What you are asked to do
From the data that follows, print exactly the lines starting at the one containing "LuxluxHouse Best Quality" and ending at the one containing "Office space for"; include both of them and nothing more.

Given records
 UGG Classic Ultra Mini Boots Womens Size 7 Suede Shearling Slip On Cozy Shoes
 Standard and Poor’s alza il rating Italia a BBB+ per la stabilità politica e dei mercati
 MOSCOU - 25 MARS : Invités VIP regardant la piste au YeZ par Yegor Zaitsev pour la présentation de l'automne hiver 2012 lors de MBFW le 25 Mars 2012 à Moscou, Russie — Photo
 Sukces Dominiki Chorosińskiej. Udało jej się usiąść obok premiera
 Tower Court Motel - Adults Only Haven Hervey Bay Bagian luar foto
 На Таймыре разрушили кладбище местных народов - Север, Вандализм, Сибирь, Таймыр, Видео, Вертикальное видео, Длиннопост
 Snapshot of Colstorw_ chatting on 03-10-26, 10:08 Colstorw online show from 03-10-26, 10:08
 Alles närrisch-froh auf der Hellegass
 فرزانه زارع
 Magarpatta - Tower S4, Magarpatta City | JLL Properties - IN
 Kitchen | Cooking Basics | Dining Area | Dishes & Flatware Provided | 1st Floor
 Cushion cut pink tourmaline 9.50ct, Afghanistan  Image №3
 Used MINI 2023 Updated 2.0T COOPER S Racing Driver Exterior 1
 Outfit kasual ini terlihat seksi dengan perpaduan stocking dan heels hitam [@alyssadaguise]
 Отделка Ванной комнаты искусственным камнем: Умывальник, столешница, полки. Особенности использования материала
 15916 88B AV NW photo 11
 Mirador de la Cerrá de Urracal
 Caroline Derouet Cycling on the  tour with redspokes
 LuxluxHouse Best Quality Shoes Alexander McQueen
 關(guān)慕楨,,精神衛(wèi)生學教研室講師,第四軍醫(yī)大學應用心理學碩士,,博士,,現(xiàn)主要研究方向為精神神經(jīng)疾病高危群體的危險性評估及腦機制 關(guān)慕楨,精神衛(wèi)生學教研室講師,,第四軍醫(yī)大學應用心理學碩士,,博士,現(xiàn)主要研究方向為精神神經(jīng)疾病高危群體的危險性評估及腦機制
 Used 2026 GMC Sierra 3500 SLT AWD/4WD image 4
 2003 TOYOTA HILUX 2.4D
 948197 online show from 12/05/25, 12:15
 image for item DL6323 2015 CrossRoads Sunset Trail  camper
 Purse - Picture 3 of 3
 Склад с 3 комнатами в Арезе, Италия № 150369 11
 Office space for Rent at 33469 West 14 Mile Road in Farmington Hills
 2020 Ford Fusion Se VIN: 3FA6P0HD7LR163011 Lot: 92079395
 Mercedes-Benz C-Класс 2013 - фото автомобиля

Answer for this exercise
 LuxluxHouse Best Quality Shoes Alexander McQueen
 關(guān)慕楨,,精神衛(wèi)生學教研室講師,第四軍醫(yī)大學應用心理學碩士,,博士,,現(xiàn)主要研究方向為精神神經(jīng)疾病高危群體的危險性評估及腦機制 關(guān)慕楨,精神衛(wèi)生學教研室講師,,第四軍醫(yī)大學應用心理學碩士,,博士,現(xiàn)主要研究方向為精神神經(jīng)疾病高危群體的危險性評估及腦機制
 Used 2026 GMC Sierra 3500 SLT AWD/4WD image 4
 2003 TOYOTA HILUX 2.4D
 948197 online show from 12/05/25, 12:15
 image for item DL6323 2015 CrossRoads Sunset Trail  camper
 Purse - Picture 3 of 3
 Склад с 3 комнатами в Арезе, Италия № 150369 11
 Office space for Rent at 33469 West 14 Mile Road in Farmington Hills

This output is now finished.